At the ripe old age of 22, James Schefter got bored with his job
covering the real estate beat for the Houston Chronicle. Not only
was he bored, but he complained about his boredom to his bosses. Soon he
was called into the executive editor’s office. Was he going to be fired?

“Hey, they’re starting this NASA thing down south of town,” Schefter’s
editor said to him. “Wanna open up a Clear Lake bureau?” Boredom would
plague young James no more. It was 1963, and NASA was “nothing more than
two holes in the ground.” But the Russians had put America to shame with
the launch of Sputnik six years earlier, and the space race was on.

Schefter watched the scientists and astronauts move into town and
became “as much of an expert as there was” in the news media. In 1965
Time and Life magazines made him their NASA correspondent,
and Schefter was granted exclusive access to the astronauts’ families and
their traumatic training sessions, such as the Jungle Survival School.

But just because Schefter saw a lot doesn’t mean he was able to print a
lot. The space program’s defeats, infighting, political maneuvering and
astronaut escapades were voluntarily ignored by the media of the day.
“There was an unwritten rule,” says Schefter. “If an astronaut didn’t get
booked into jail, we didn’t run the story.” And despite his blood-alcohol
content, an astronaut never got booked into jail.
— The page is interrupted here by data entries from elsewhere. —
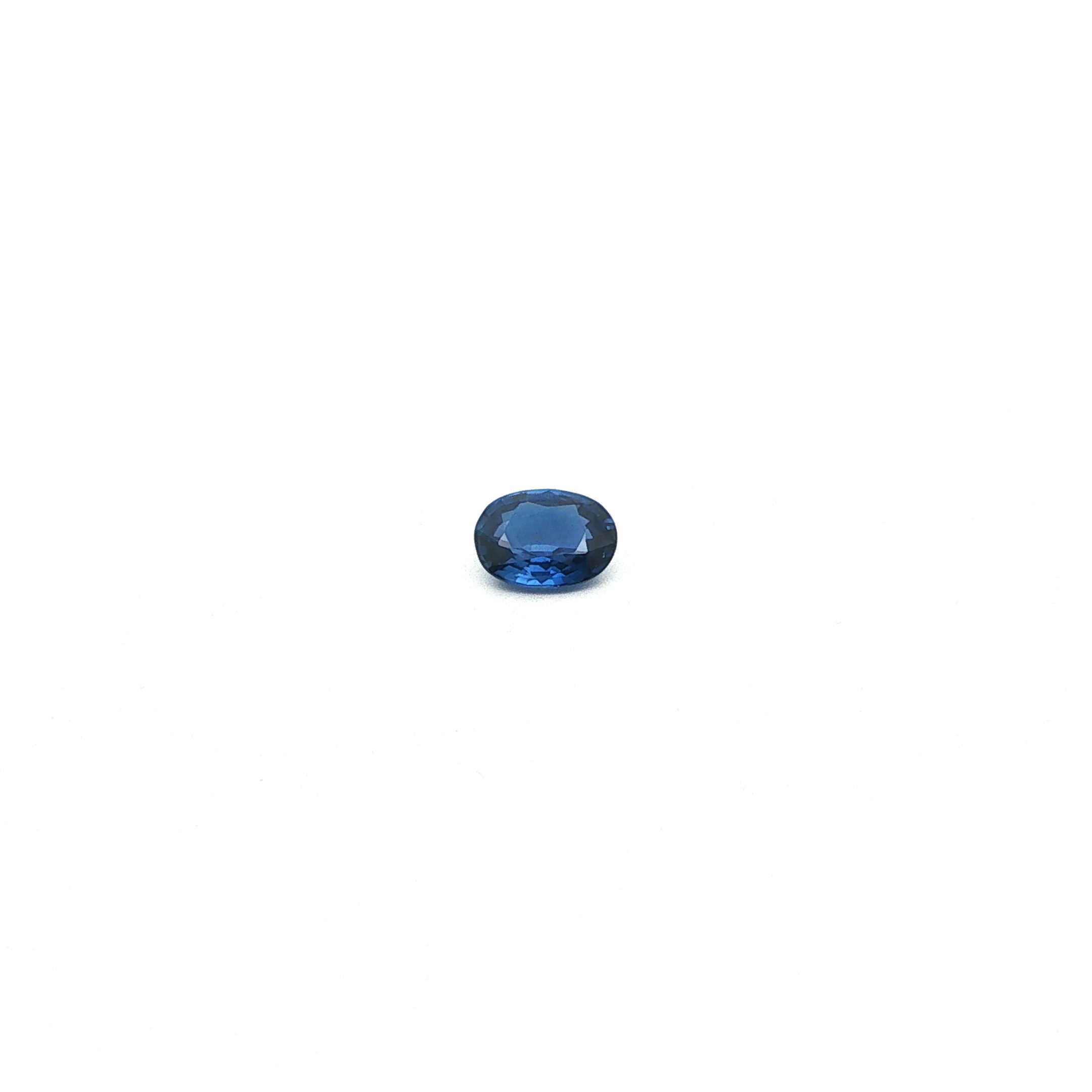 0.88 ct Oval sapphire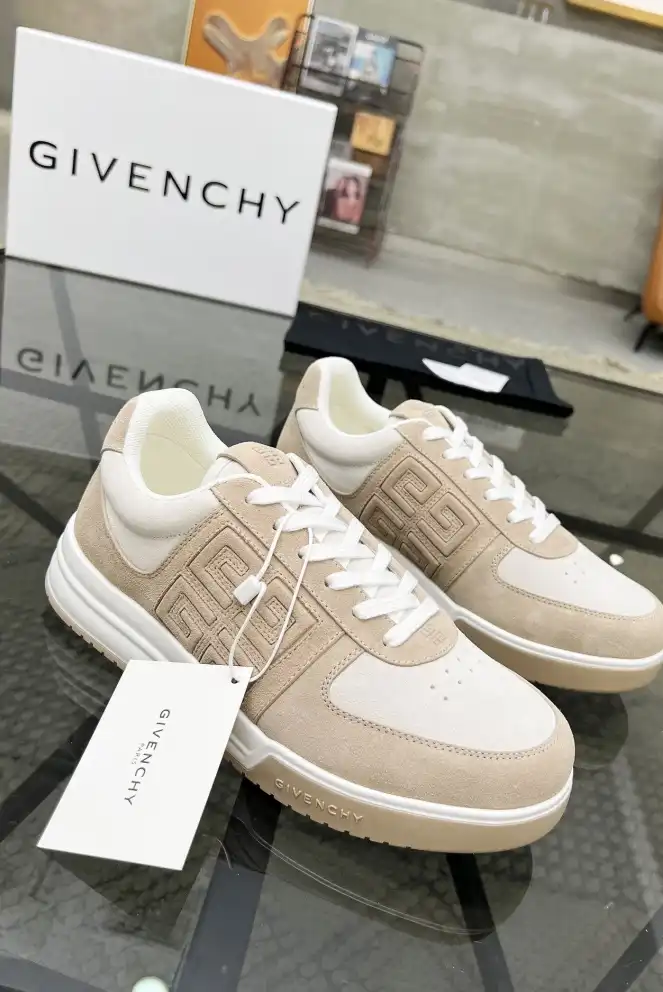 hype Givenchy Sneakers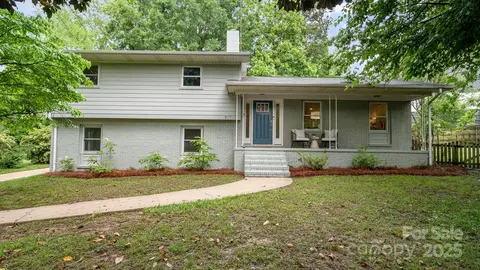 917 Bobby Ln, Charlotte, NC 28211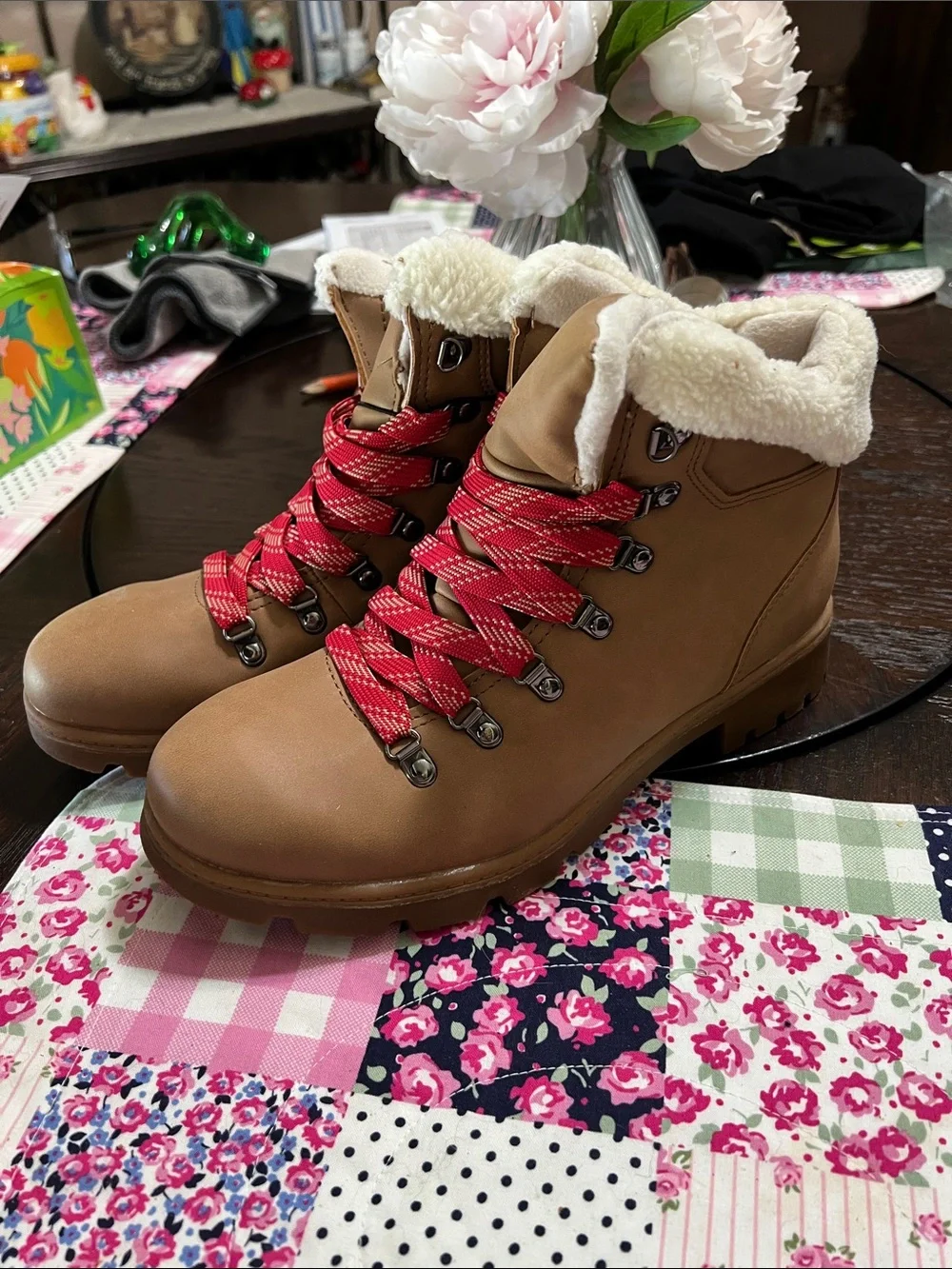 NEW TIME & TRU Cozy Tan Faux-Shearling Hiker Boots with Red Laces size 9
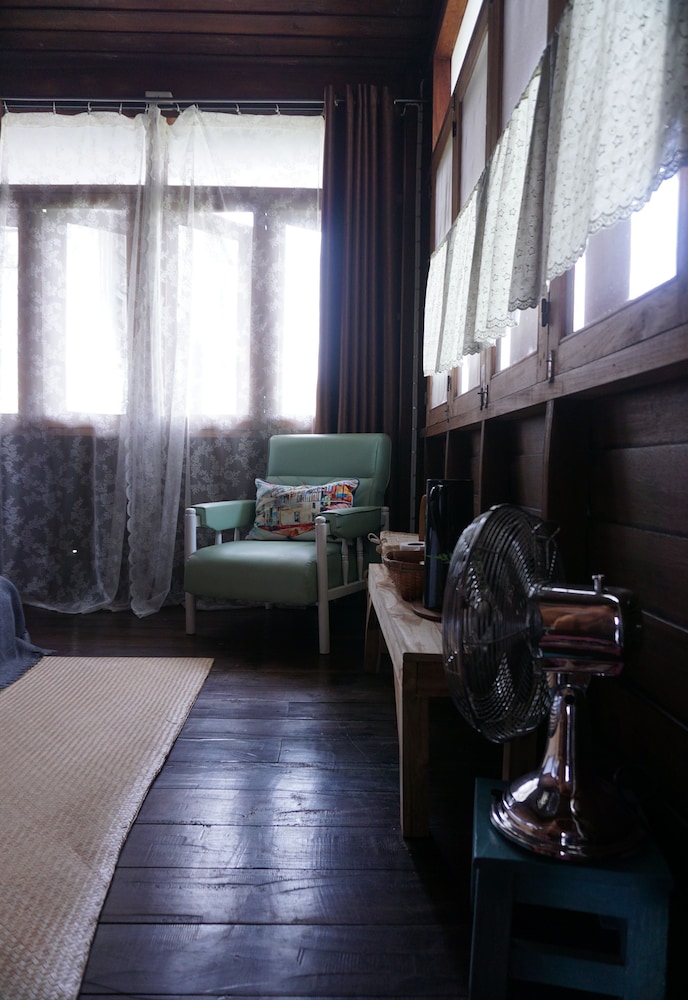 Kaampuju Cafe and Rooms
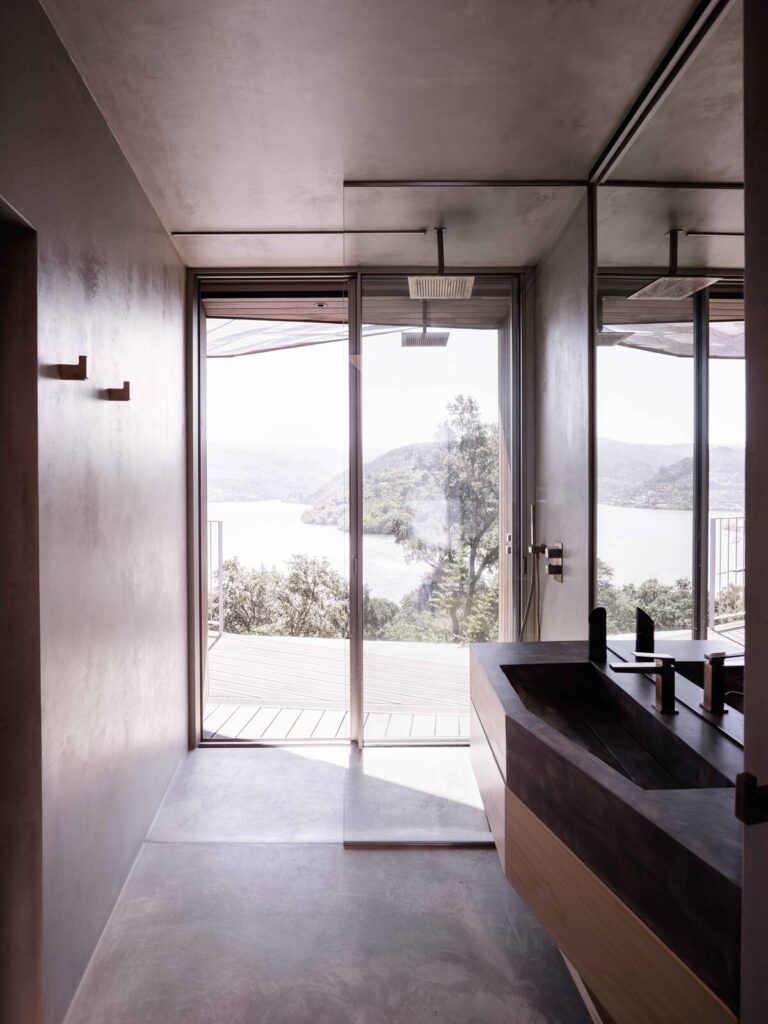 Douro Wood House / Mjarc Arquitectos 1 Douro wood house / mjarc arquitectos
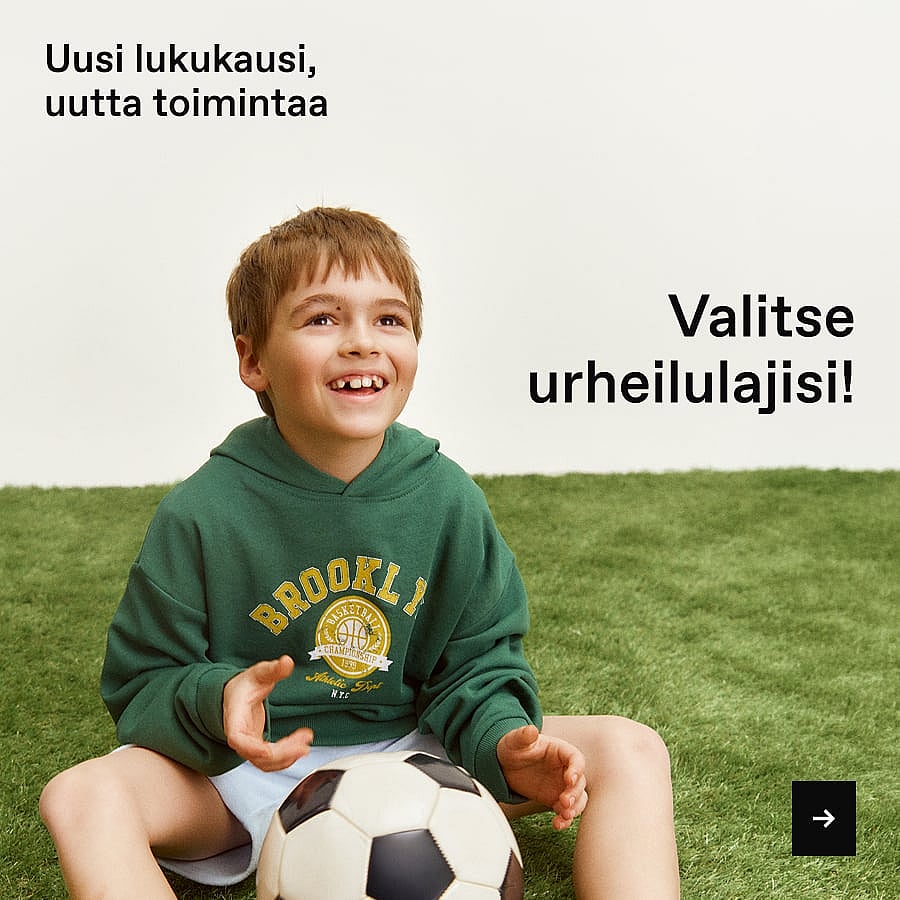Vihreässä hupparissa oleva hymyilevä poika istuu nurmikolla jalkapallon kanssa. Teksti: ”Uusi lukukausi, uusia harrastuksia”, ”Valitse urheilulajisi!”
Of course, these days there are no such unwritten rules. Schefter’s new
book commemorating the 30th anniversary of the lunar landing is called “The
Race: The Uncensored Story of How America Beat Russia to the Moon,” and he
happily reveals the debauchery of death-defying astronauts (with the
notable exception of Boy Scout John Glenn). But Schefter is most proud that
his book reveals the behind-the-scenes poker game be-tween mysterious
Soviet “Chief Designer” Sergei Korolev and Bob Gilruth, father of NASA’s
man-in-space program.

Without Bob Gilruth, I don’t know when we would have gotten to the
moon,” Schefter says. “And nobody knows his name.”